Baş sağlığı diledikten sonra psikolojisi iyice bozulmuş olan dostuma dönüp dedim ki; ‘’Ah benim güzel kardeşim. Sükût bürünmüşse dillere, yara derindir! Yara derinse, Allah kerimdir.’’ Bu saatten sonra Zeynep kardeşimiz için yapabileceğimiz tek şey dua etmektir. Allah rahmet eylesin mekânı Cennet olsun inşallah. Sanırım biraz kafan karışmış senin. Her zaman olduğu gibi şimdi de bize şah damarımızdan daha yakın olan Rabbimize sığınıp ondan yardım dileyeceğiz. İşte o vakit bilesin ki üzerimize çullanan bütün karabasanlar dağılacaktır. Kendimizi daha güvende ve güçlü hissedeceğiz. Hem ne diyordu Üstad Necip Fazıl ‘’Ölüm güzel şey, budur perde ardından haber… Hiç güzel olmasaydı, ölür müydü Peygamber?

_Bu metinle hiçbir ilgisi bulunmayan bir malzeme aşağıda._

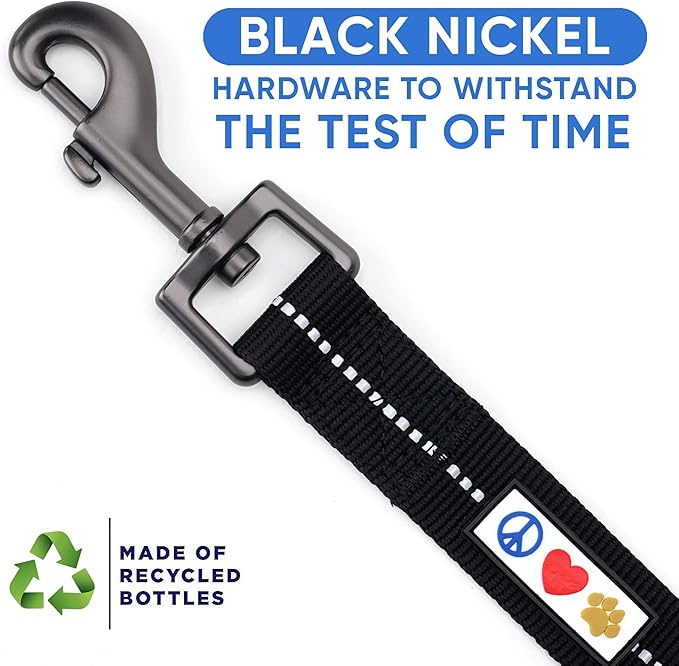 Pawtitas 6 FT Recycled Dog Leash With Reflective Stitched Thread - Small, Made From Plastic Bottles Collected From Oceans - Black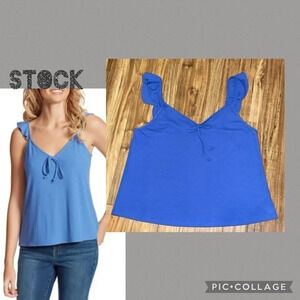Jessica Simpson womens shirt XL top blue ribbed vneck ruffle tie basic solid NWT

Bizler elhamdülillah inançlı insanlarız. Korkunun ecele faydası yoktur. Korksak da korkmasak da ölüm bizi bulacaktır. İnansak da inanmasak da ölümle yüzleşeceğiz. Bilirsin! İnançlı insanlar ölümden zinhar korkmaz! Ölüm bizim için yok olmak, kaybolmak değildir. Bilakis vuslattır, kavuşmaktır. Hz. Mevlana’nın dostuna, sevgilisine kavuştuğu düğün gecesi gibi “Şeb-i Arus” tur. Unutmayasın! Dünya bir kafes, ruh da içinde kuştur. Ruh bedende tutsaktır; ancak ölümle hürriyetine kavuşur. Her canlı ölümü tadacak, bizleri yoktan var eden Yüce Allah’ın bizlere vermiş olduğu bu hayat, O’nun takdir ettiği bir zamanda mutlaka sona erecektir. Ölüm bizler için sonsuz hayata açılan bir kapıdır. Yaşama sevincimizi asla kaybetmemeliyiz.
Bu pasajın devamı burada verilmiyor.